- _RECORDS SHOWN_
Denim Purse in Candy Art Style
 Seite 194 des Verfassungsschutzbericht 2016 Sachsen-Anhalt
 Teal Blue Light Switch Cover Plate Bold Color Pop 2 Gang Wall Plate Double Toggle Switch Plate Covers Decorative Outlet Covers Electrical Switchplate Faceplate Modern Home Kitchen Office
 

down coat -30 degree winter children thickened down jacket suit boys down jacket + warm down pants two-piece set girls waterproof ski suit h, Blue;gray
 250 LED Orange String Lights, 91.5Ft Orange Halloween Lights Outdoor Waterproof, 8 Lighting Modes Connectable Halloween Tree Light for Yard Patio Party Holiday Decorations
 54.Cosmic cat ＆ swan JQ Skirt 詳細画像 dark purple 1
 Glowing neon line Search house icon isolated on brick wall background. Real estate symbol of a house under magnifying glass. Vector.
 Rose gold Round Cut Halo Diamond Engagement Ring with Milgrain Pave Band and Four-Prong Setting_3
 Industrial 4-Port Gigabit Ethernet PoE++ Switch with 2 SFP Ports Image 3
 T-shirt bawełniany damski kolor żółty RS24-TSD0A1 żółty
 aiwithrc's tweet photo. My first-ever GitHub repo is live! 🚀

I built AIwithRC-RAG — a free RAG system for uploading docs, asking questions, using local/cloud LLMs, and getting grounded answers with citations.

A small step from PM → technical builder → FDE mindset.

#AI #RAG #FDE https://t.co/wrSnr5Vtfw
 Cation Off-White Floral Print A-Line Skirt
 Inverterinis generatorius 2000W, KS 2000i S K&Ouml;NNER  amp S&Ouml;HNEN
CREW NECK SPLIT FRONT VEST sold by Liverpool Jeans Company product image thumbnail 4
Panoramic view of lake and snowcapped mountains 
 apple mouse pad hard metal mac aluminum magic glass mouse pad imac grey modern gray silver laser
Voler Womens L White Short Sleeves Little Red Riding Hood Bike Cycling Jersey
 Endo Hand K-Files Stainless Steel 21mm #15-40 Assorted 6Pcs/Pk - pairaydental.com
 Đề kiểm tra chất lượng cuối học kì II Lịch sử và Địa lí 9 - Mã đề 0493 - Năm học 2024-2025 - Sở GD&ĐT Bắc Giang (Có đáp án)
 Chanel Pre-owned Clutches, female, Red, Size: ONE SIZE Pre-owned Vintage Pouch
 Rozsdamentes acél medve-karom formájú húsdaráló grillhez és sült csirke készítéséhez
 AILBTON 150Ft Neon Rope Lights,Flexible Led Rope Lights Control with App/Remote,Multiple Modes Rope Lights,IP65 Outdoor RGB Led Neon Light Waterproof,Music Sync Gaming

- _PROMPT_
Repeat the material word for word from its opening line up to and including the line containing "CREW NECK SPLIT".

- _RESULT_
Denim Purse in Candy Art Style
 Seite 194 des Verfassungsschutzbericht 2016 Sachsen-Anhalt
 Teal Blue Light Switch Cover Plate Bold Color Pop 2 Gang Wall Plate Double Toggle Switch Plate Covers Decorative Outlet Covers Electrical Switchplate Faceplate Modern Home Kitchen Office
 

down coat -30 degree winter children thickened down jacket suit boys down jacket + warm down pants two-piece set girls waterproof ski suit h, Blue;gray
 250 LED Orange String Lights, 91.5Ft Orange Halloween Lights Outdoor Waterproof, 8 Lighting Modes Connectable Halloween Tree Light for Yard Patio Party Holiday Decorations
 54.Cosmic cat ＆ swan JQ Skirt 詳細画像 dark purple 1
 Glowing neon line Search house icon isolated on brick wall background. Real estate symbol of a house under magnifying glass. Vector.
 Rose gold Round Cut Halo Diamond Engagement Ring with Milgrain Pave Band and Four-Prong Setting_3
 Industrial 4-Port Gigabit Ethernet PoE++ Switch with 2 SFP Ports Image 3
 T-shirt bawełniany damski kolor żółty RS24-TSD0A1 żółty
 aiwithrc's tweet photo. My first-ever GitHub repo is live! 🚀

I built AIwithRC-RAG — a free RAG system for uploading docs, asking questions, using local/cloud LLMs, and getting grounded answers with citations.

A small step from PM → technical builder → FDE mindset.

#AI #RAG #FDE https://t.co/wrSnr5Vtfw
 Cation Off-White Floral Print A-Line Skirt
 Inverterinis generatorius 2000W, KS 2000i S K&Ouml;NNER  amp S&Ouml;HNEN
CREW NECK SPLIT FRONT VEST sold by Liverpool Jeans Company product image thumbnail 4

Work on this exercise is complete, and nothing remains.